The Durst Organization recently opened the first tower in a planned seven-building residential complex in Astoria, about a 10-minute walk from the neighborhood’s ferry terminal.

The ferry route currently runs from Wall Street to 34th Street, with subsequent stops at Long Island City, Roosevelt Island and Astoria. The Durst Organization is calling for the line to stretch back over the East River, ending at the 90th Street ferry terminal in Yorkville.

“It’s about 1,000 feet between the two ferry stops. The trip would take less than five minutes,” said Jordan Barowitz, a Durst spokesperson.

Barowitz stressed the proposal was preliminary. He added the developer would rely on the New York 
City Economic Development Corporation to pick up the tab.

The Astoria-to-Upper East Side proposition comes as budget watchdogs scrutinize ferry subsidies amounting to $10.73 per ride. City Comptroller Scott Stringer has demanded the city move the ferry operation out of EDC’s purview following THE CITY’s reporting that taxpayers are on the hook for as much as $369 million in ferry purchases.

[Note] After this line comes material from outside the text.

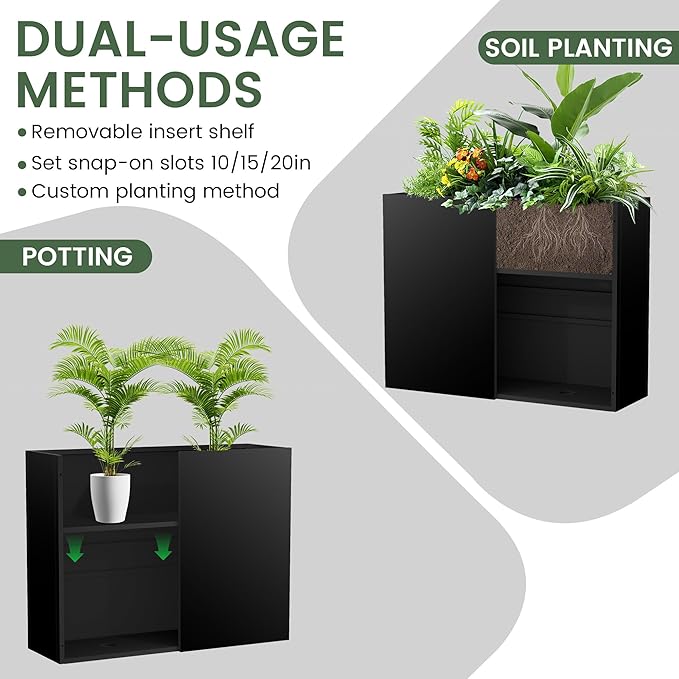 Tall Rectangular Planter,38" L x 13" W x 30" H Metal Large Planter Box with Removable Shelf,Durable Galvanized Steel,Tall Outdoor Planters for Patio,Porch Garden, Yard
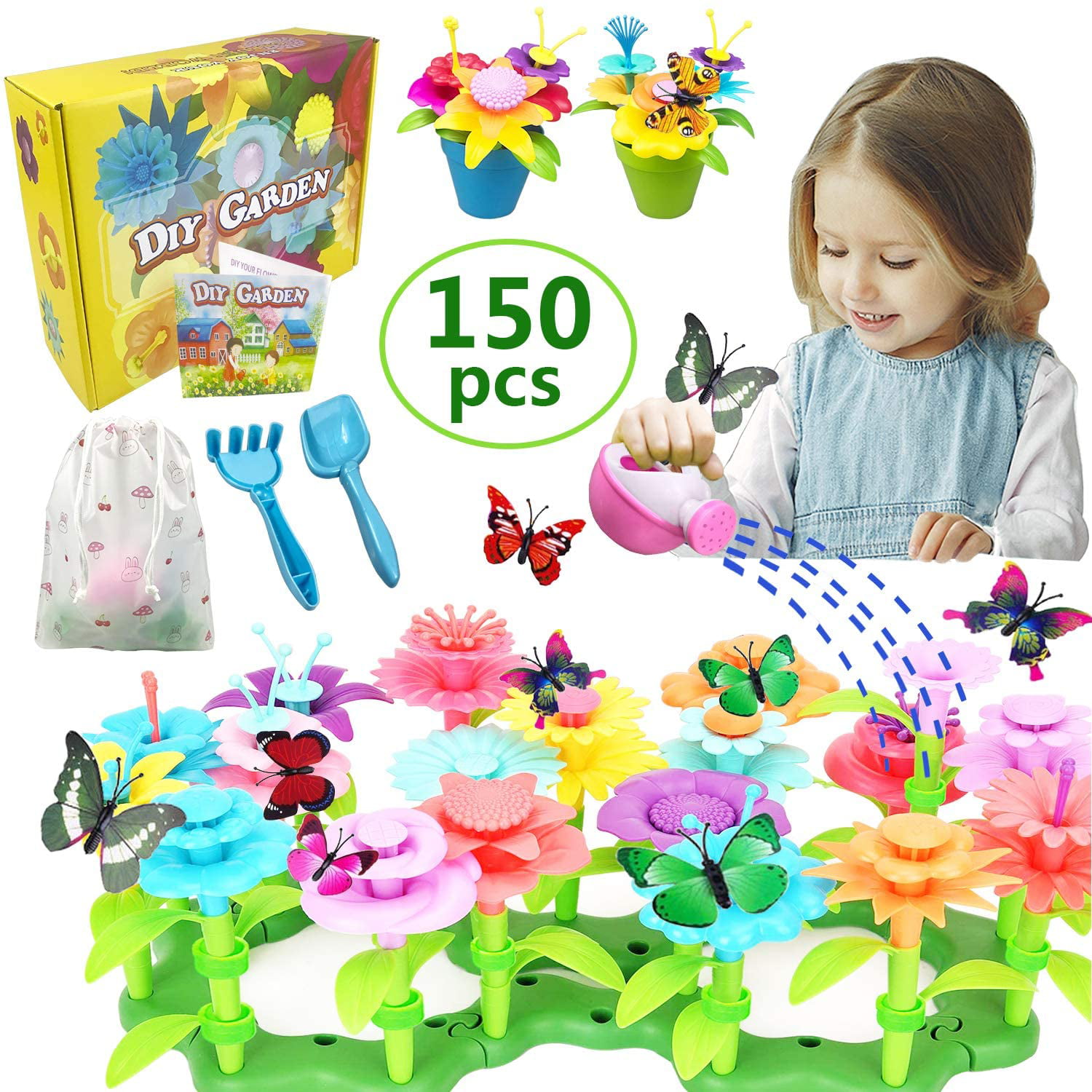 Desire Deluxe Girls Toys for 3 Year Old Kids Flower Build A Garden Toy Building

The developer plans to float the proposal before a Manhattan community board Wednesday before making a formal pitch to the Economic Development Corporation, which oversees the city’s ferry service.

For Durst, an impetus for the plan is to improve transit options for residents within its planned 2,400-unit Astoria development, Halletts Point, which opened its first tower to tenants earlier this year.

There should be no more debate about what this service was tailor made for.